Starting at the line that contains "Maison 5 pièces" and stopping after the line that contains "Diamond Solitaire Ring in White Gold", transcribe the listing below exactly; do not include any pictures.

---- DATA FOR THIS EXERCISE

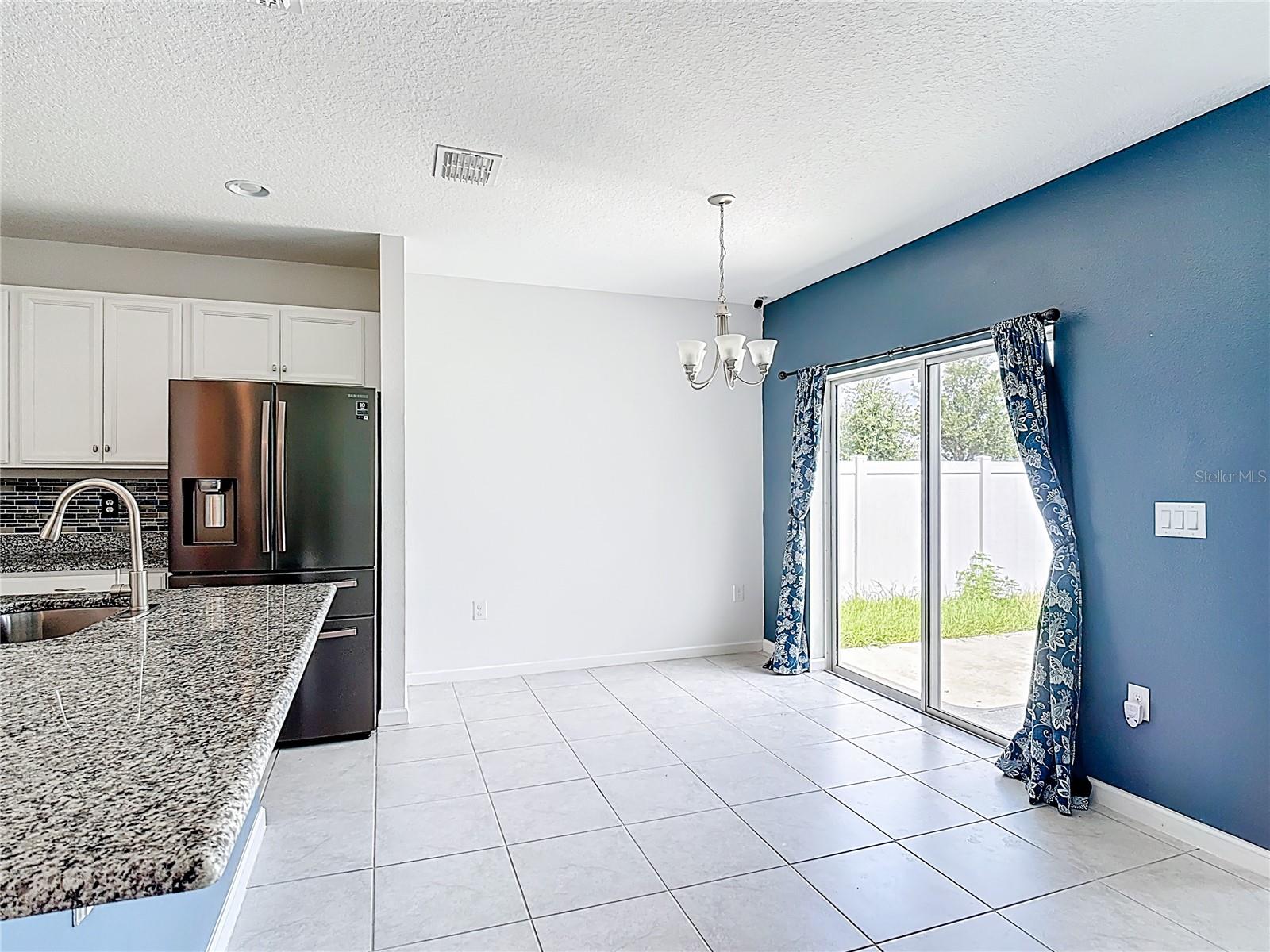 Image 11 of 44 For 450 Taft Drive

--------
---- DATA FOR THIS EXERCISE

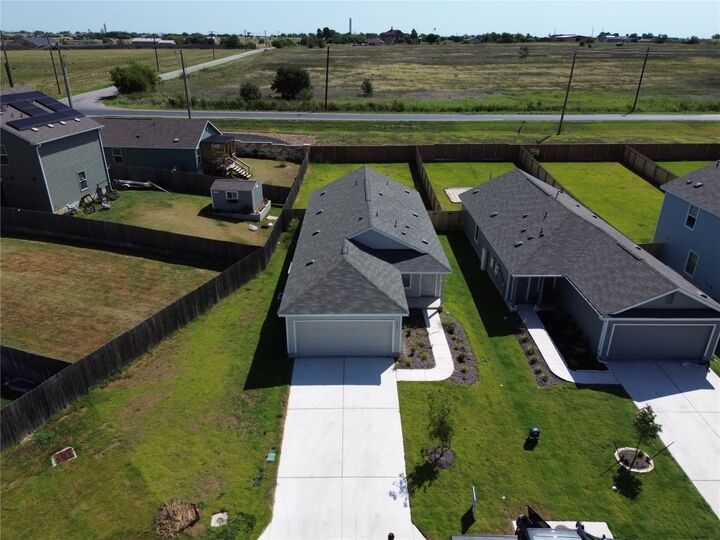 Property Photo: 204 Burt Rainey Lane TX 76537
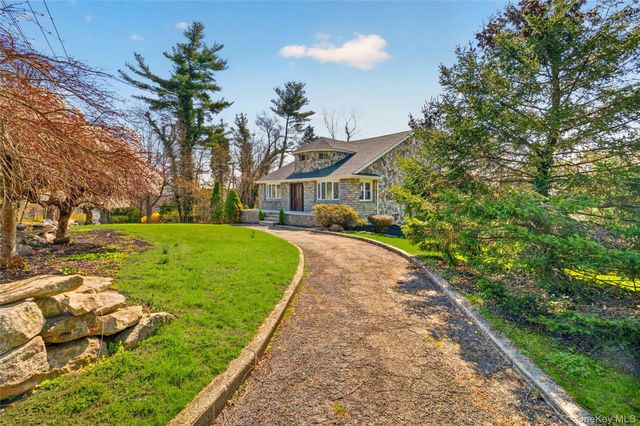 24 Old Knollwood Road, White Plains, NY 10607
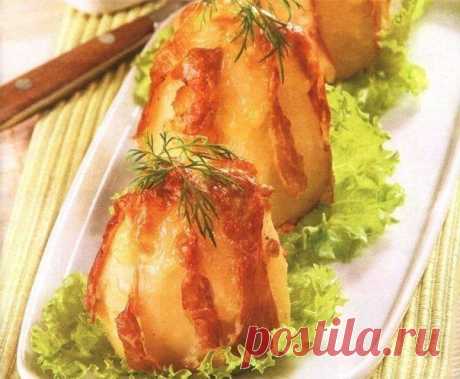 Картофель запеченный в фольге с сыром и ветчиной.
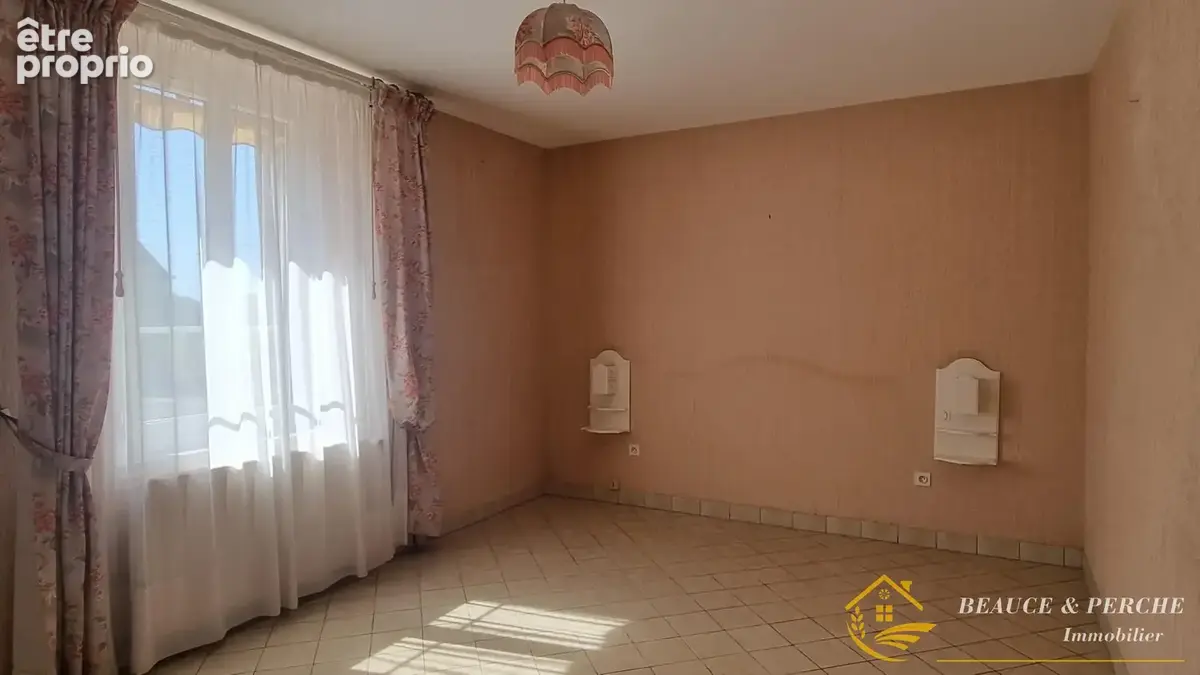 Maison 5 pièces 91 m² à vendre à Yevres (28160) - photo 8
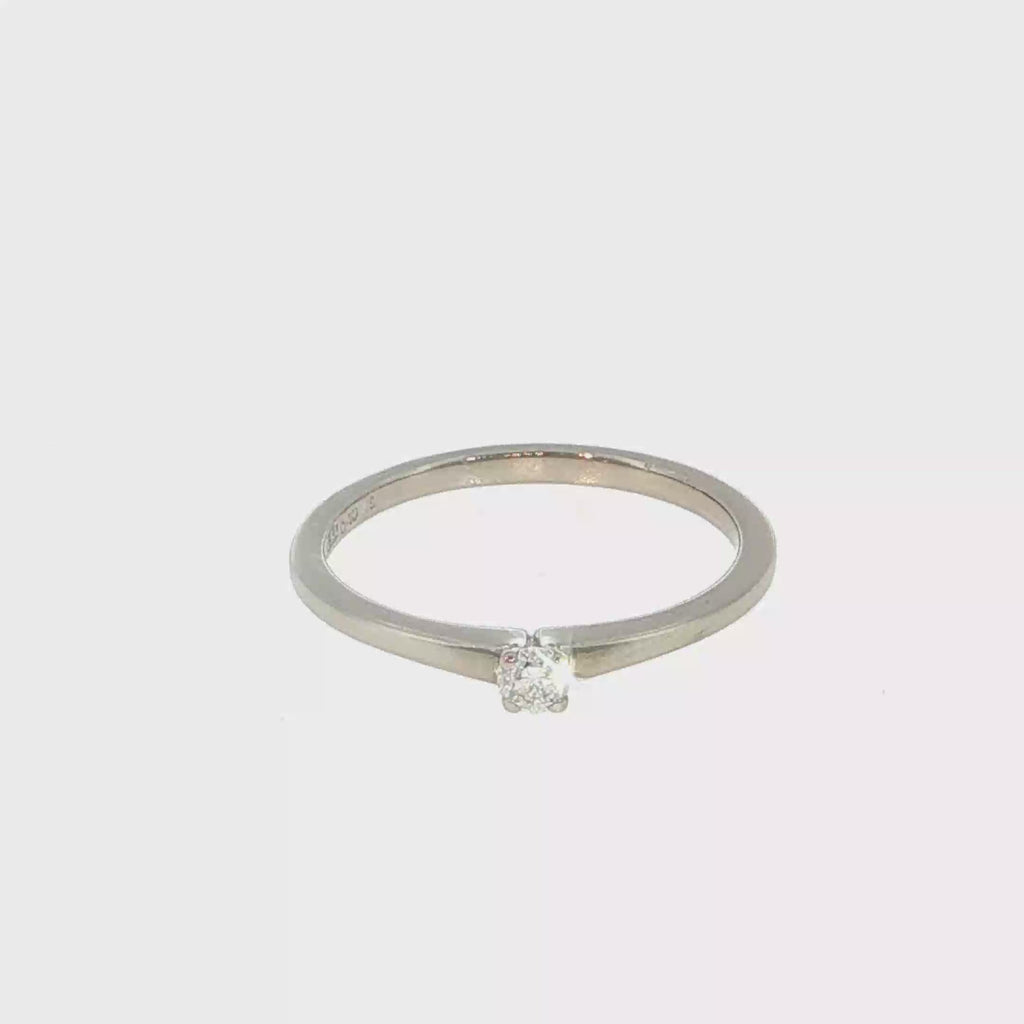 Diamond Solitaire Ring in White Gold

--------

- _RESULT BELOW_:
 Maison 5 pièces 91 m² à vendre à Yevres (28160) - photo 8
 Diamond Solitaire Ring in White Gold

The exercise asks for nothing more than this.